Le plus probable c’est que la logique de la résistance anticoloniale polarisera encore plus la société irakienne, c’est un grand danger pour les États-Unis. A mesure que la résistance se renforcera, ses attaques contre les collaborateurs locaux, et spécialement contre la police, se seront moins l’oeuvre de "volontaires" et plus par l’infiltration de militants de la résistance, par l’infiltration d’agents doubles dans les forces de sécurité. La riposte en dehors de l’Irak sera aussi révélatrice d’une plus grande polarisation. (...)

L’arrestation de Saddam et la montée de la résistance anticoloniale augmente la probabilité qu’un candidat démocrate à la présidence prétende que le but de l’intervention était la capture de Saddam et que c’est le moment de convoquer des élections au plus tôt et de retirer les troupes. Il est probable que cela toucherait de larges secteurs de l’électorat sensibles aux coûts politiques et économiques croissant de l’invasion, à la corruption et aux vols des contractants de guerre.

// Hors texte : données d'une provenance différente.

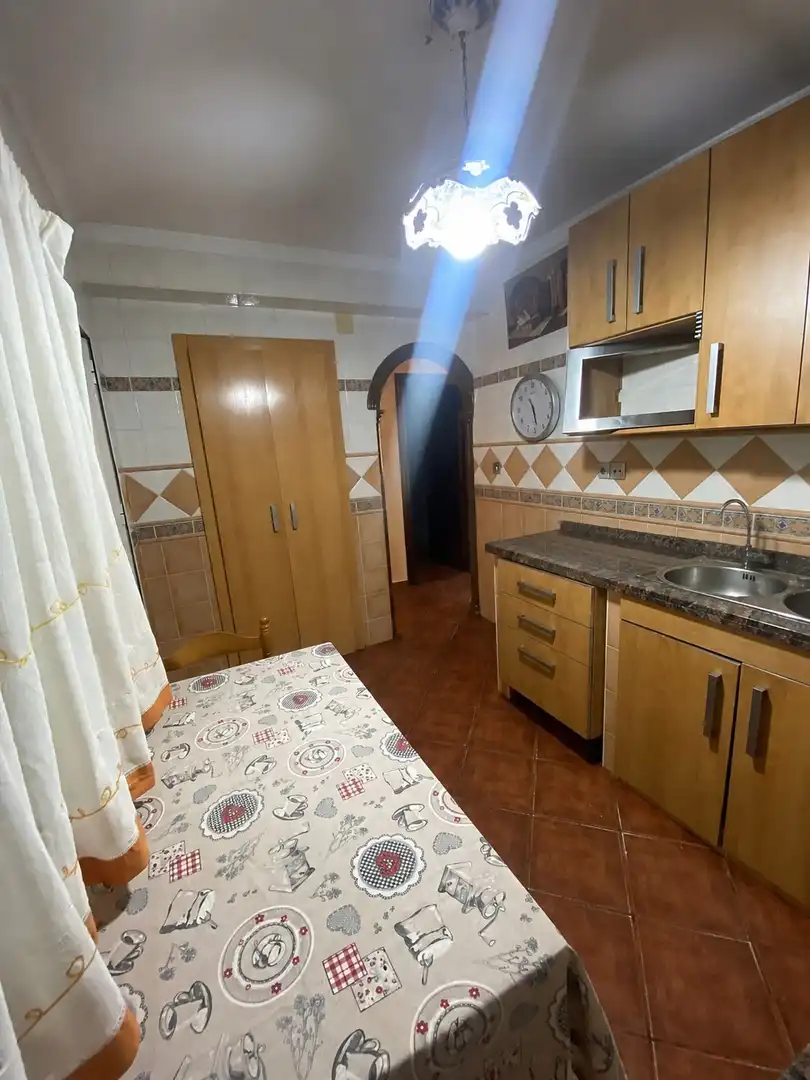 Cuina de Casa o xalet en venda en Málaga amb Traster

Il est typique des mass médias américains de faire une propagande exagérée sur les "victoires", comme celle de l’arrestation de Saddam, durant quelques jours, pour monopoliser l’attention du public et stimuler une euphorie artificielle, et après, quand la réalité reprend ses droits ; la réalité de la longue lutte des Irakiens pour leur libération nationale et la réalité de l’allongement de la liste des soldats des États-Unis morts ou blessés. L’opinion publique américaine cherchera alors un coupable à accuser et à dénoncer.